The generated lattice can represent all potential segmentations of
the URL into the constituent words. The lattice can be a finite
state transducer or a finite state table, in some examples.
[0116] In box 606, probabilities for each of the possible
segmentations of the URL are determined. For example, a language
model can assign probabilities to each path through the
lattice.
[0117] In box 608, the path associated with the highest probability
is selected. This path represents the most probable segmentation of
a URL based on the training of a language model.

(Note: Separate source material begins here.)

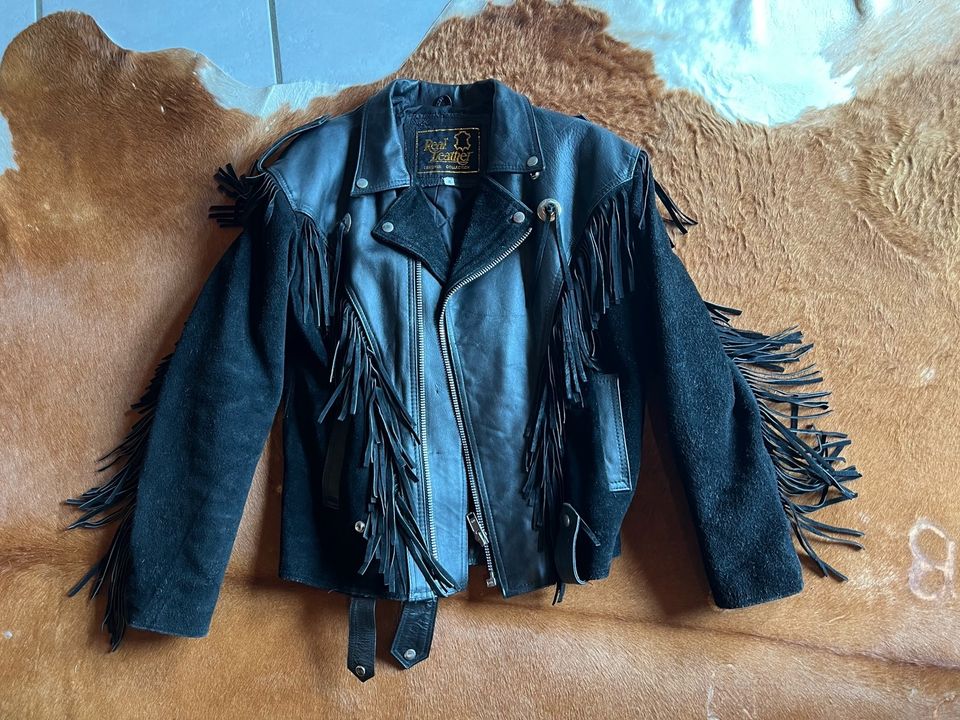 Rocker Western Leder Fransen Jacke in Freiburg im Breisgau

[0118] In optional box 610, the selected path is stored in a
trained automaton. Storing the path in a trained automaton enables
the process 600 to identify the constituent words of subsequently
received same URL without generating a lattice and determining the
probabilities for each segmentation.
[0119] In box 612, the constituent words of the selected path are
output, as described above.
[0120] FIG. 7 is a flow chart of an example process for generating
a URL from a spoken representation of the URL. In box 702 a voice
query that includes a URL is received. For example, a search engine
server system may receive a voice query from a mobile telephone. A
user of the mobile telephone may have opened a search engine
application, pressed a button to initiate a voice query, and spoken
the words "Is cnn.com the most popular website?" into a microphone
of the telephone. This voice query includes the URL cnn.com,
although the URL sounds like "see en en dot com."
[0121] In box 704, textual words for the voice query are generated.

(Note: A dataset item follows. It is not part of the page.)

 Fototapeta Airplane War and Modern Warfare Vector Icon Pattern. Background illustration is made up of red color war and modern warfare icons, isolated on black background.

The words are generated using a language model. The textual
representation of the words, after processing using the language
model, may be "Is c n n dot com the most popular website."

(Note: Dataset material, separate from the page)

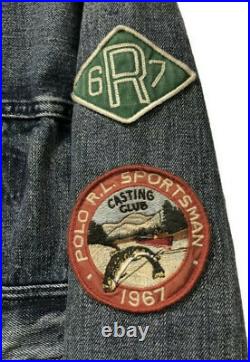 Polo Ralph Lauren Sportsman Henderson Denim Jean Jacket American Flag USA XL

[0122] In box 706, a compounder is generated. The generation of the
compounder can include applying an inversion transformation to an
automaton trained to decompound URLs into their constituent words.
The compounder can accept a sequence of text words and output a
textual URL if identified by the compounder.
[0123] In some implementations, the trained decompounding automaton
may be generated during a training of the language model. The
training can include providing a set of URLs to the decompounder,
and then providing the constituent words and frequency data as
language model training data. The decompounder can identify, for
all URLs that can are input into the decompounder and can be
segmented, the constituent words of the most probable segmentation
of each URL.
[0124] In box 708, the compounder is used to output any URLs in the
textual words. For example, "c n n dot com" may be transformed into
"cnn.com." If text words are input that are not associated with a
URL, they may remain un-concatenated For example, if "is c n n dot
com the most popular website" is input into the compounder, the
output can include "is cnn.com the most popular website."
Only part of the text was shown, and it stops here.